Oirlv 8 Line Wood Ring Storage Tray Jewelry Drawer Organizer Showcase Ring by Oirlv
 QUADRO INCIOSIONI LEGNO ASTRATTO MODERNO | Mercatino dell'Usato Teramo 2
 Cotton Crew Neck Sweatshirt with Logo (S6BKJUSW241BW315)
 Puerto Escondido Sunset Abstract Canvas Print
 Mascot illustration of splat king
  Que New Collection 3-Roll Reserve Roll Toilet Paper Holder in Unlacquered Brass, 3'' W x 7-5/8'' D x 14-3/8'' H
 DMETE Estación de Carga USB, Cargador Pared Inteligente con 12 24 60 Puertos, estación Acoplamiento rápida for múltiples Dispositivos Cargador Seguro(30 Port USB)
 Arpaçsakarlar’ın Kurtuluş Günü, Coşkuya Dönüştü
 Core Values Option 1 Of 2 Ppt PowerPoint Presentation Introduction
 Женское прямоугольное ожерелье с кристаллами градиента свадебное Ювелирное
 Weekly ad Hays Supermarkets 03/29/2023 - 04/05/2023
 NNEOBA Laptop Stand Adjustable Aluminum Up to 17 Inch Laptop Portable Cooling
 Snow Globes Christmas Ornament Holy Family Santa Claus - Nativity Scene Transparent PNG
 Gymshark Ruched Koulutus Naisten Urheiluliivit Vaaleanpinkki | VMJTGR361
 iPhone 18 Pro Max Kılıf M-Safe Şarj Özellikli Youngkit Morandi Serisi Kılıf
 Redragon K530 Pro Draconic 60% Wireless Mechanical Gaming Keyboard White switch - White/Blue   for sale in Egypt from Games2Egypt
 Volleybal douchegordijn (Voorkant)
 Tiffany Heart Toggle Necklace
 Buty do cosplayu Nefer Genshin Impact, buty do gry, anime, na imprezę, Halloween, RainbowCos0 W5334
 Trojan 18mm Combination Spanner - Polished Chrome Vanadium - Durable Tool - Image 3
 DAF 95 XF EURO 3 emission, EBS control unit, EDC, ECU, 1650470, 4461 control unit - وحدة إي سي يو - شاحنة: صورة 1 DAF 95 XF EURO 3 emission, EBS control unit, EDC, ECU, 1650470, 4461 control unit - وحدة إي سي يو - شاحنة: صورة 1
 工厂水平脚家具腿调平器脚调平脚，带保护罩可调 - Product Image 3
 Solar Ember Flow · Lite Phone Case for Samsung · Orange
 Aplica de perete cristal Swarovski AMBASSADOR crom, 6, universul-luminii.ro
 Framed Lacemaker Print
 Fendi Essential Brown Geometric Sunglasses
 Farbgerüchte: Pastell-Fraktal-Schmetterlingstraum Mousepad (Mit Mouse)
********
◆ Requirement
Take the stretch of lines above from the one containing "Buty do cosplayu" through the one containing "Trojan 18mm Combination" and repeat it exactly, adding no other line.

◆ Task answer
 Buty do cosplayu Nefer Genshin Impact, buty do gry, anime, na imprezę, Halloween, RainbowCos0 W5334
 Trojan 18mm Combination Spanner - Polished Chrome Vanadium - Durable Tool - Image 3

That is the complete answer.